Wojcicki has been closely involved in the downtown business district of Los Altos, California. In approximately 2005, Wojcicki and her then-husband Google co-founder Sergey Brin bought at least half a dozen commercial properties in downtown Los Altos. Under the name of Passerelle Investment Company, they sponsored events and urban planning initiatives throughout the downtown business district. In 2016, the firm was renamed to Los Altos Community Investments and given a tighter focus on commercial real-estate development.
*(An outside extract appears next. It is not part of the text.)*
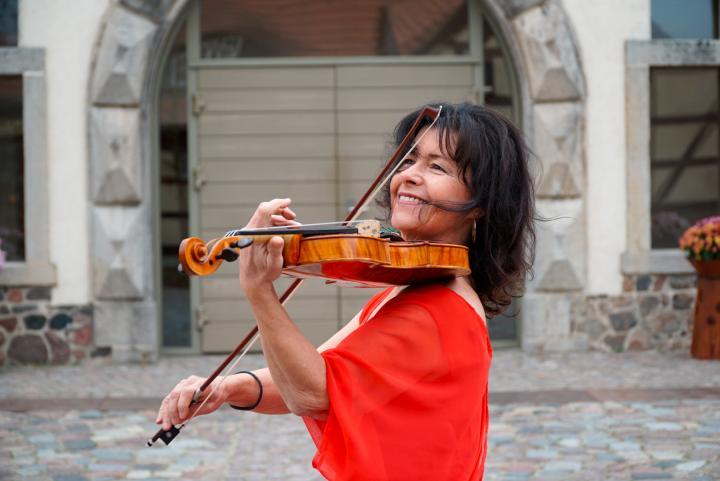 Violinspielerin Elizabeth Balmas beim Spielen auf ihrer Geige © Jenny Jürgens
In 2021, Los Altos Community Investments opened a food hall in downtown Los Altos called the State Street Market. The initiative expanded to include an arts-and crafts store, a video arcade, and an indoor play space. The focus of development was to create spaces that foster community interaction and enjoyment.

==Personal life==
Wojcicki married Google co-founder Sergey Brin in May 2007. They have a son, born in 2008, and a daughter born in late 2011. They separated in 2013, and divorced in 2015. Brin and Wojcicki jointly ran the Brin Wojcicki Foundation, active from 2004 until its dissolution around 2019, after their divorce. They have donated extensively to the Michael J. Fox Foundation and in 2009, gave $1 million to support the Hebrew Immigrant Aid Society. She joined The Giving Pledge in 2022, committing to donating most of her wealth. In July 2019, Wojcicki gave birth to her third child, a daughter, through sperm donation.

Her grandfather Franciszek Wójcicki was a People's Party and Polish People's Party politician who was elected MP during the 1947 Polish legislative election. Her grandmother, Janina Wójcicka Hoskins, was a Polish-American librarian at the Library of Congress who was responsible for building the largest collection of Polish material in the United States.